Am 07.10.2021 um 18:58 schrieb F.R.Costa:
Dear All,
I'm in trouble with state space models, as I find them difficult to
implement. I was able to set up a few with just one time-variant
unobservable variable but I'm not sure on what I'm doing when there are
more. Let's say we depart from the example of the Phillips curve on
pages 345-346 of Gretl manual, where the inflation rate (INFQ) depends
on the unemployment rate (URX).
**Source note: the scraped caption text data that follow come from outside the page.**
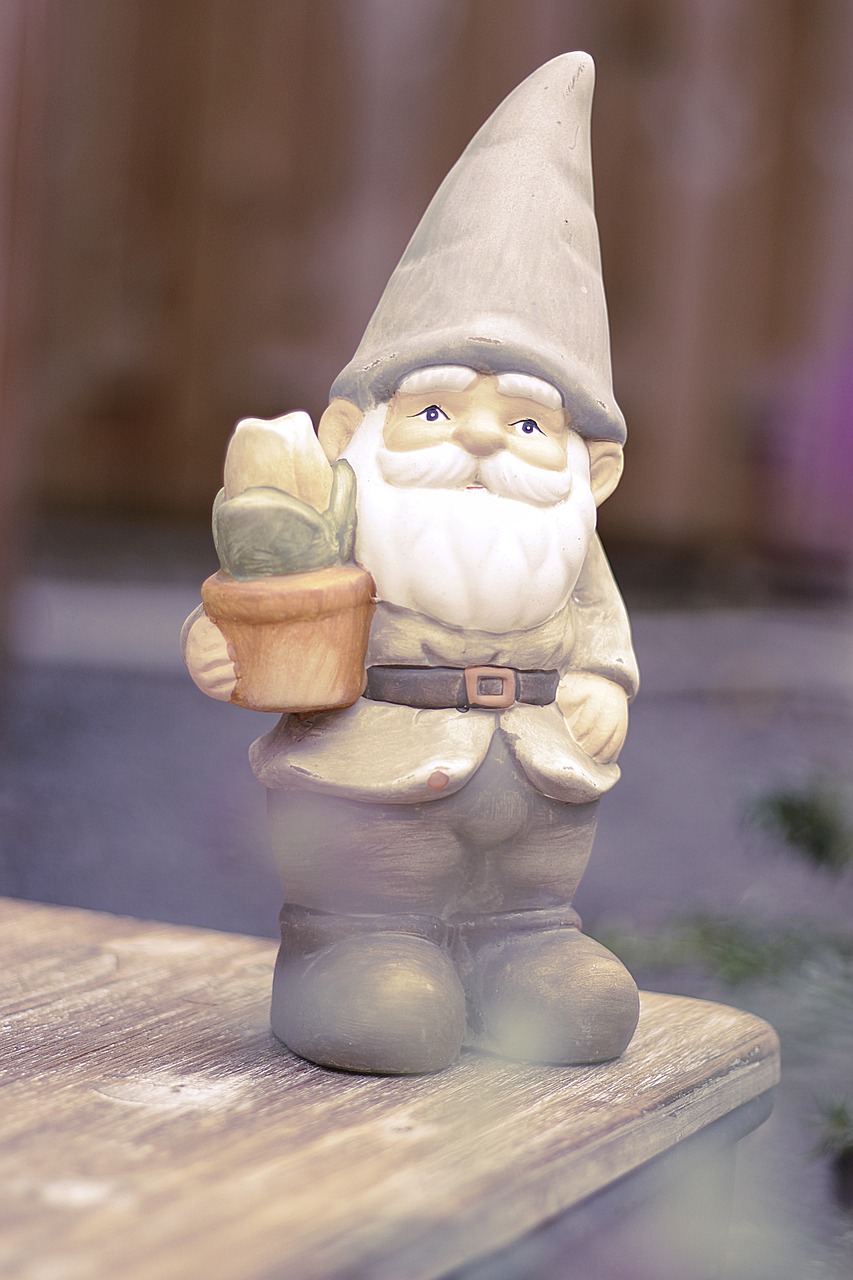 Garden Gnome Dwarf Garden Fun Cute  - pixel2013 / Pixabay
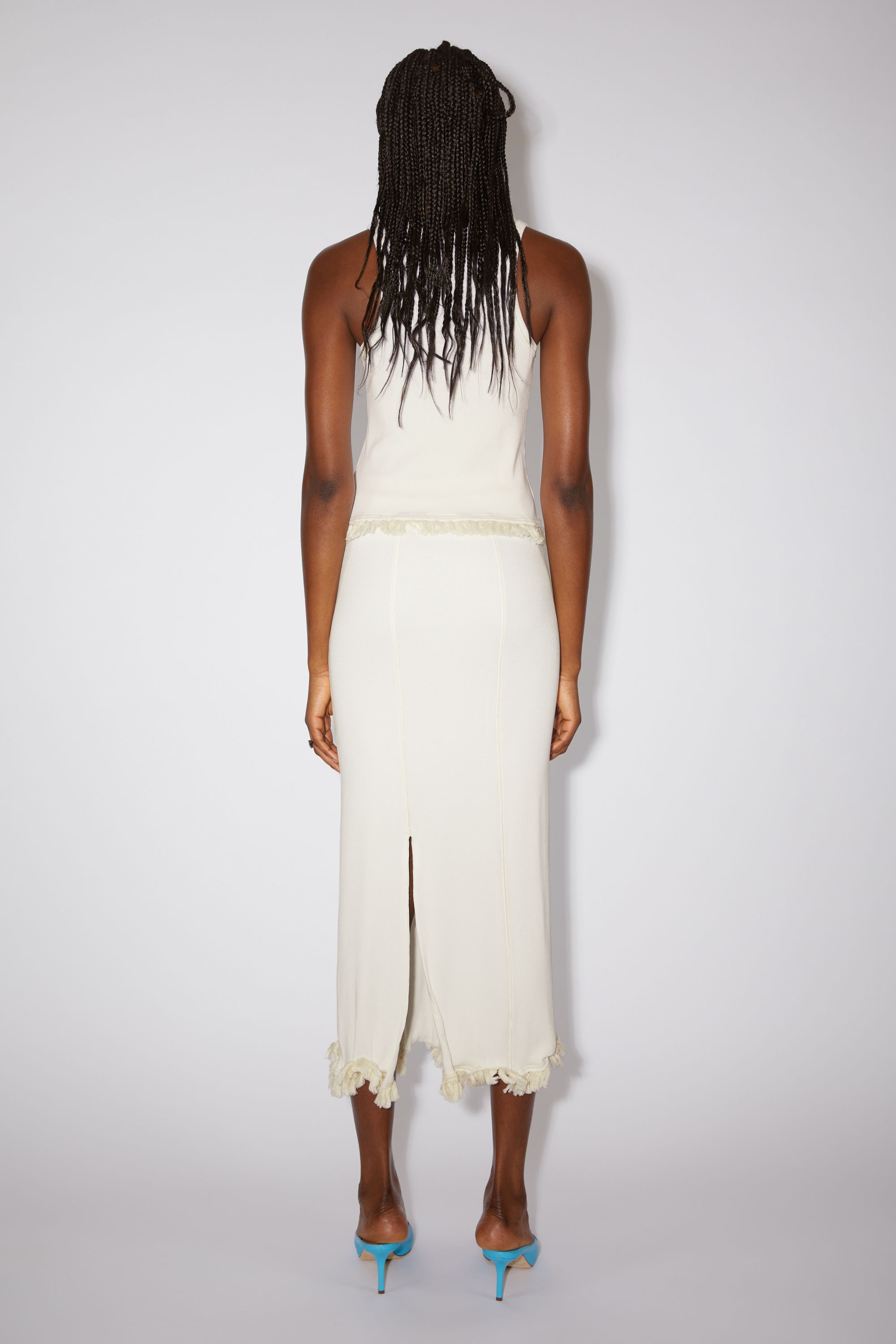 Tassel pencil skirt - White - 3
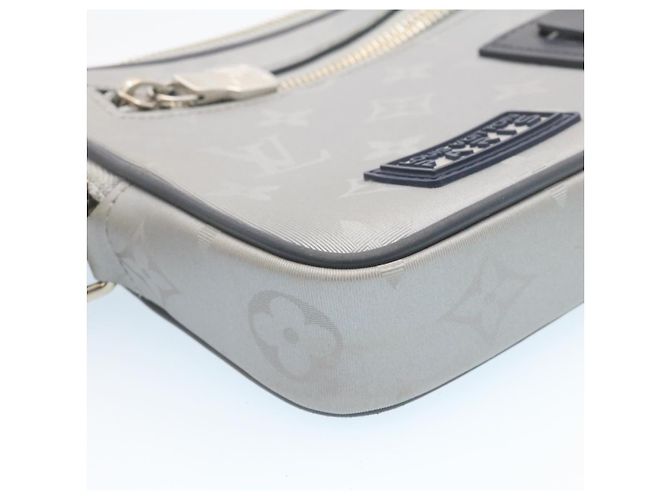 LOUIS VUITTON Pochette Satellite Alpha con monogramma argento M44171 LV Auth knn059 - vista 14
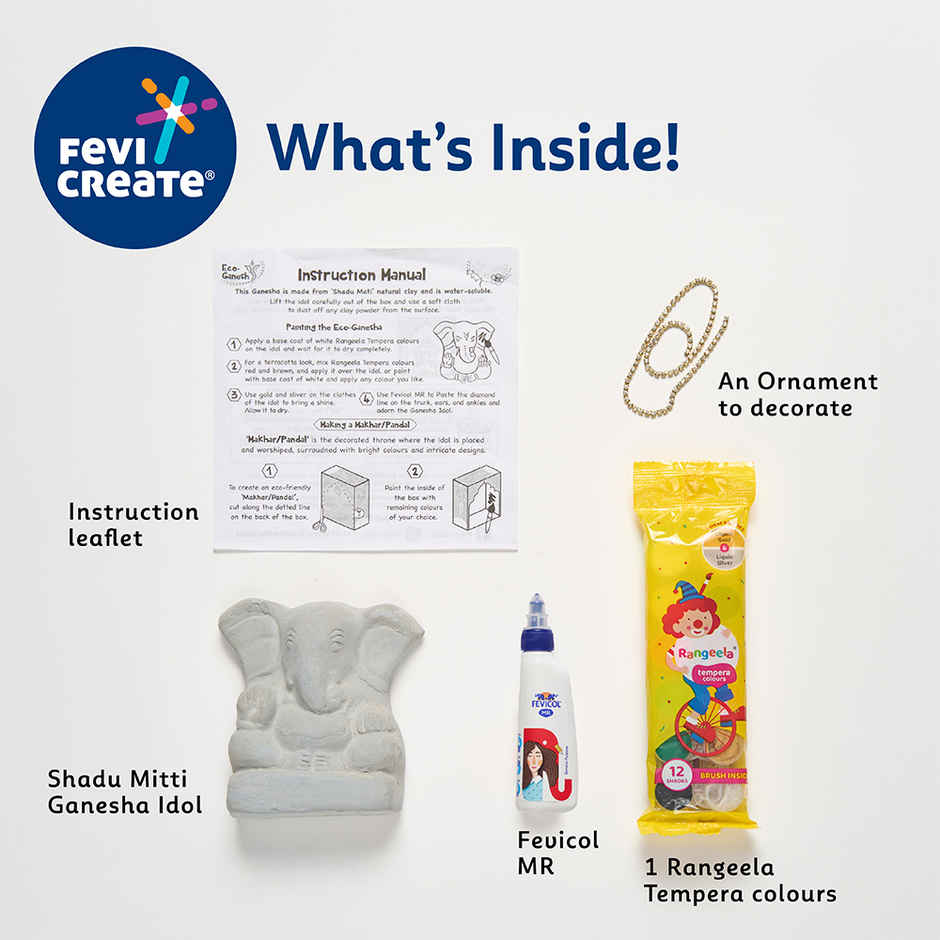 Eco-Friendly | Pidilite Ganesha Idol DIY Kit | Fevicreate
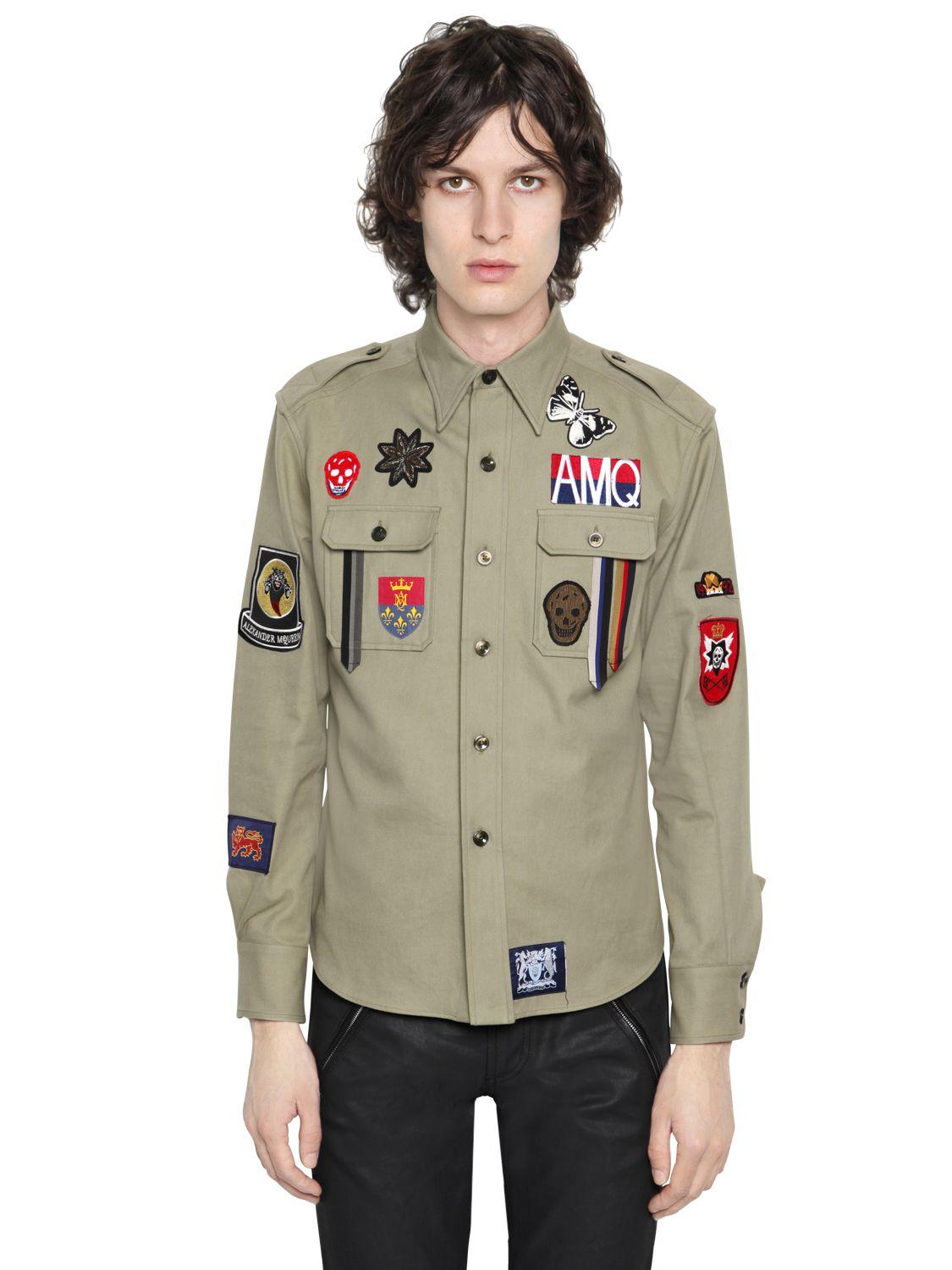 Alexander McQueen Military Patches 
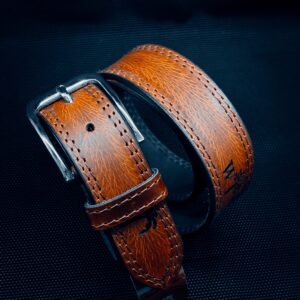 Vintage-Inspired Leather Belt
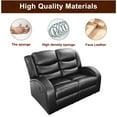 Lumary Luxury Recliner Sofa Living Room Set Leather Reclining Sofa and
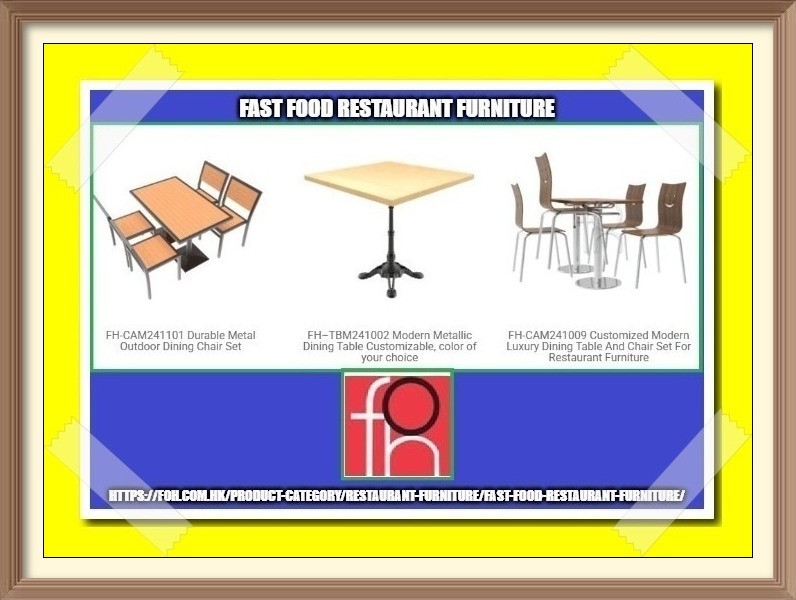 Fast Food Restaurant Furniture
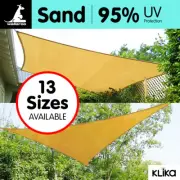 NEW OUTDOOR SUN SHADE SAIL CANOPY - SAND CLOTH RECTANGLE SQUARE TRIANGLE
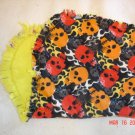 Skull/ Flame Rag Burp Cloth
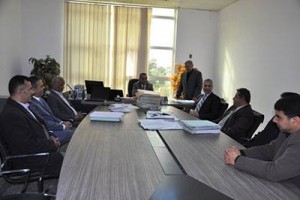 وزير العدل بحكومة طرابلس يزور محكمة ونيابة جنوب طرابلس الابتدائية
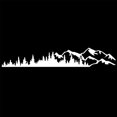 thumbnail image 1 of Mountain Trees Styling Sticker Durable Vinyl Decal Paster for Car, 1 of 6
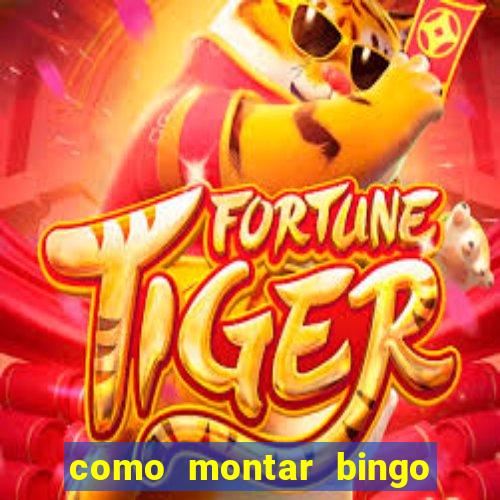 como montar bingo brinquedos toia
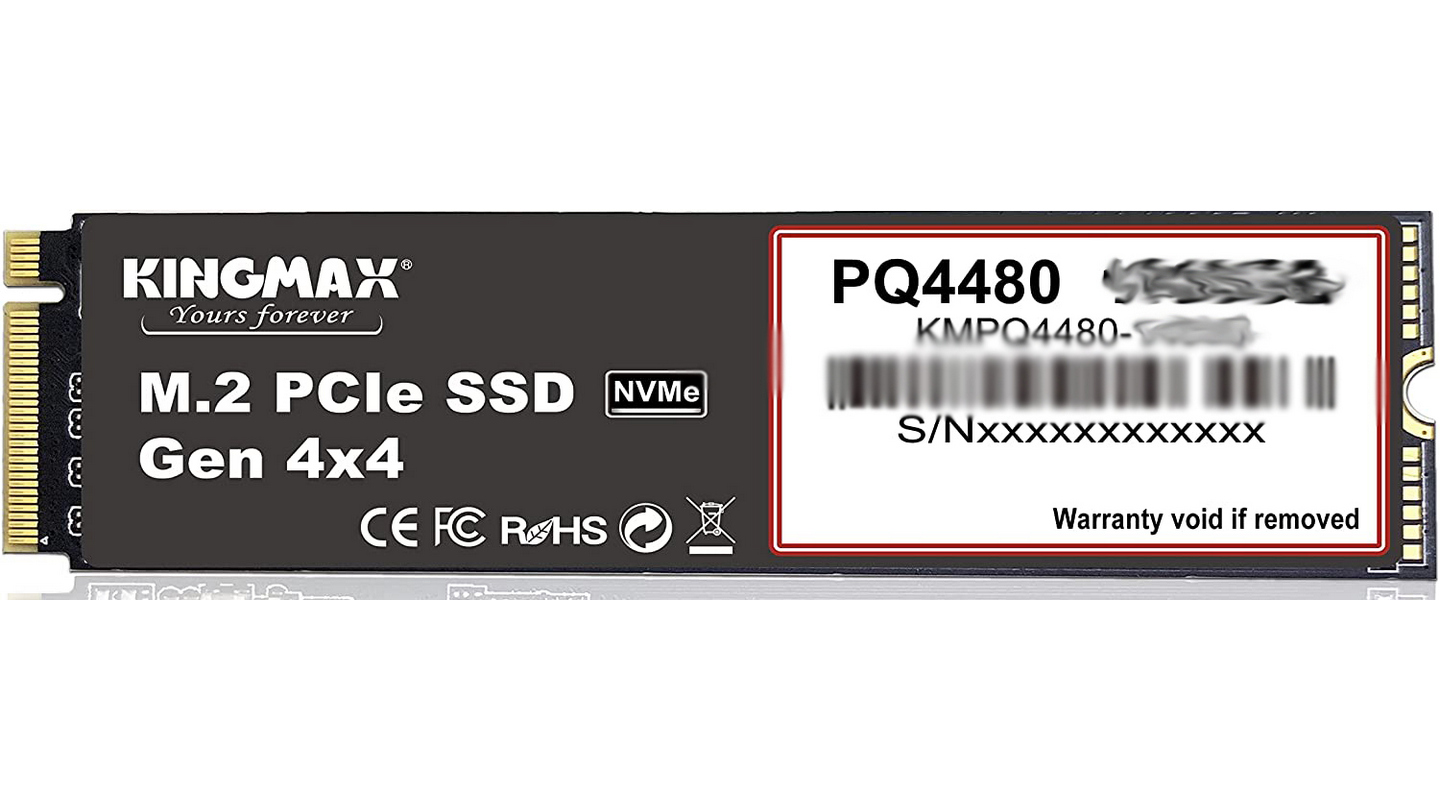Ổ cứng SSD M.2 PCIe NVMe Kingmax PQ4480 500GB (3600MB/s | 2300MB/s)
In the example, the intercept is
time-invariant and the coefficient for URX follows a random walk.
I looked at the example listing 36.4
(
http://gretl.sourceforge.net/guidefiles/example-36.4.inp) and at first
I also found it a bit puzzling.
But the trick there is that the unemployment rate URX is _not_ used in
the model as an exogenous regressor in terms of the notation of gretl's
state-space apparaturs. So there is no x, no obsx, and no time-varying
(nor constant) obsxmat. This feels a bit counterintuitive, especially
since in (36.4) (the equation, not the listing) there appears an x_t
which has nothing to do with the notation in that chapter. (So I think
that x should be changed in the doc.)
As explained below equation (36.5), what the listing 36.4 does is to
treat the time-varying coefficent as the latent state, using the
(apparently implicit) default of F == 1 == statemat.
(@jack: It seems that that default for statemat is not documented. If
there is no such default, then I don't know what's going on.)
And then unemployment URX is used as the "coefficient" H (=obsymat) of
that latent state, where that "coefficient" of course doesn't need to be
estimated, since it's an observable variable in reality.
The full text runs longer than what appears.